From throughout Pakistan, a variety of estimates on the death toll poured in. By evening, Prime Minister Shaukat Aziz said 19,369 people had died and at least 43,000 had been injured, based on estimates from local officials. But with much of the country still unseen by the authorities, it was impossible to settle on a definitive figure. "There are clearly several areas which are inaccessible," Mr. Aziz said. "Gradually, in a day or two, we will reach them."
At least 600 people were reported killed by the quake in neighboring India, and the United Nations said 2.5 million people in the entire stricken region needed shelter.
In Washington, President Bush, whose administration was criticized over its early handling of relief for victims of the Asia-Pacific tsunami and Hurricane Katrina, promised immediate help to General Musharraf, an important ally in the American-led war on terrorism. "Thousands of people have died, thousands are wounded, and the United States of America wants to help," Mr. Bush said.
In these forested hills close to the epicenter, the quake obliterated more than this village. It also took a cornerstone of hope: The Garhi Habibullah Girls High School.
In the delirious collective grief on Sunday morning, there was no way to tell how many girls had been studying here, though it was safe to say that hundreds had been, not just from Garhi Habibullah, in the North-West Frontier Province, but from villages as far as 10 miles away, for whom this was the nearest high school for girls.
At least 20 women were teaching here - among the most educated women in the area.
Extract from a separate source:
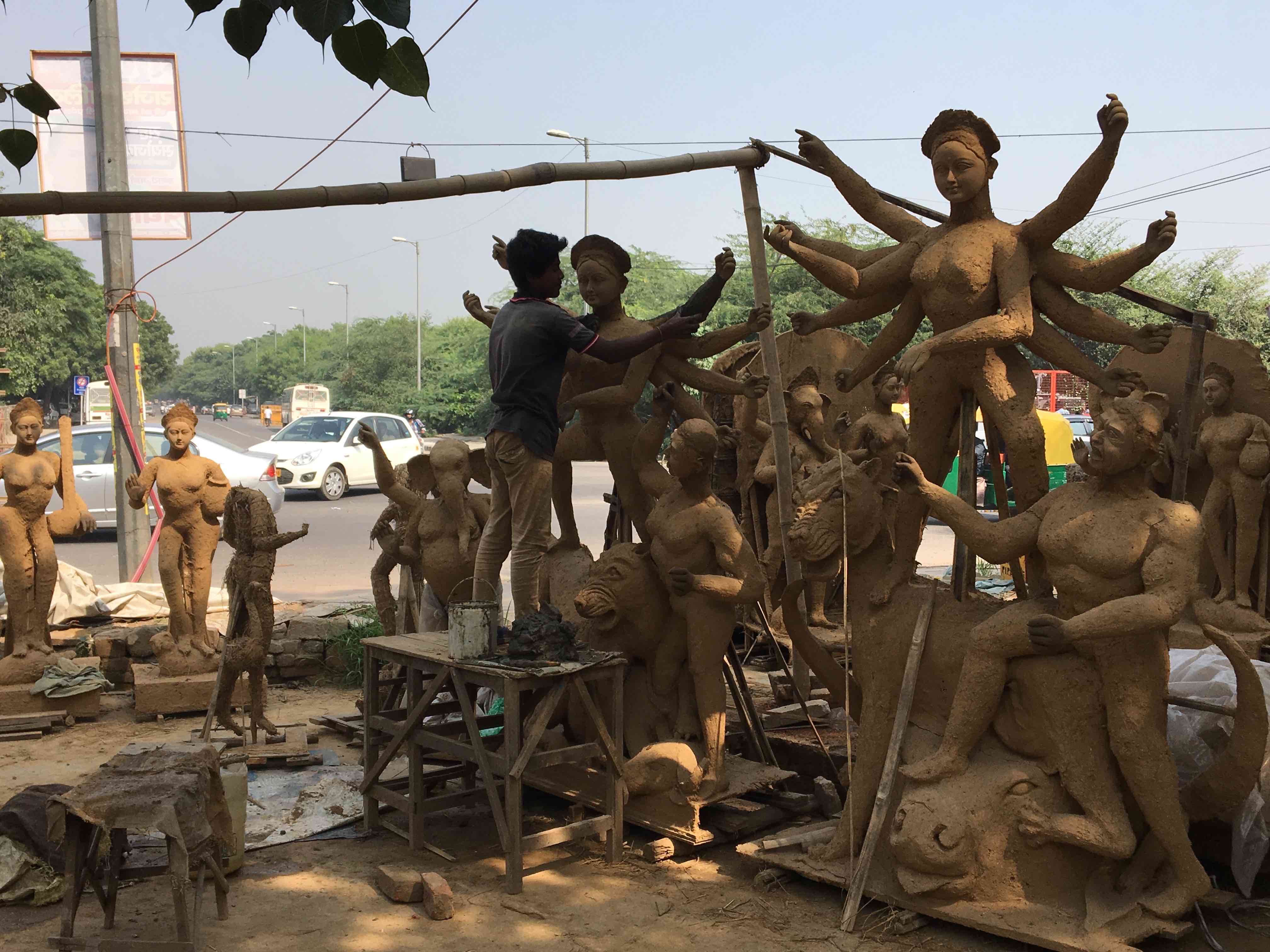 Gopal Malakar, son of artisan Tapan Malakar, putting the finishing touches to the devi’s idol at the penultimate stage, before it gets the final coat of clay. Credit: Revathi Krishnan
The dozen men digging through the rubble of the two-story school were asked how many teachers had survived. They could come up with only one name. Saturday was a school day.
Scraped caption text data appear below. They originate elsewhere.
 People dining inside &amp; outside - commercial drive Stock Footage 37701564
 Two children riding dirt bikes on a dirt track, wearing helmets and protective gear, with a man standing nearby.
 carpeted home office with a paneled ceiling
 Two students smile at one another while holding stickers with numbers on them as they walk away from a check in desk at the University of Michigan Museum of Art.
The men were scooping out what they could with little more than their hands. A few brought picks and shovels. One man carried a car jack, to try to help lift concrete slabs. Another peered under a pile and saw a woman's bloodied head scarf, but could do nothing to extricate the woman. By the end of the morning, the body of a longtime teacher, named Ruksana, was pulled out, preceded by her dainty green handbag. After that, the digging crew gave up. There was nothing more it could do. When would the government send machines, the men demanded to know. When would food and tents come? The village was gone, and nearly everyone had spent the night in the rain. Anger boiled up from anguish. "This village has not received any sort of help," cried Mohammed Younas, 65. "We have nothing at present with us. Only our people are trying to dig out the children who are buried and are probably dead - probably dead."
In an interview with CNN on Sunday, General Musharraf said Pakistan desperately needed cargo helicopters to reach the most remote areas of Pakistan, medicine, and tents and blankets for the displaced. He confirmed that much of the country had not been reached.
He also confirmed that Pakistan's neighbor and historical rival, India, had offered assistance, as had a host of other countries. General Musharraf said the details of India's offer would have to be ironed out. "You do understand there's a little bit of a sensitivity there," he said.
The United States Embassy in Islamabad confirmed that eight American military helicopters were due in Pakistan on Monday to help with relief efforts.
Other countries around the world sent condolences and prayers, as well as money - or pledges of money - and, more immediately, search teams with dogs, medical workers and equipment, and food and water. Supplies began flowing from fellow Muslim nations, especially those like the United Arab Emirates, where Pakistanis make up much of the work force. Some countries rapidly granted Pakistanis emergency visas; in Britain, which has a large Pakistani population, a special visa desk was set up at Heathrow Airport. Prime Minister Tony Blair called the devastation "appalling."
The European Commission pledged more than $4 million in emergency aid, and said the figure could grow, as individual member nations added their own more modest offers. China, a relative newcomer as a provider of emergency aid, offered $6.2 million and sent seismologists, medical workers, search dogs and supplies.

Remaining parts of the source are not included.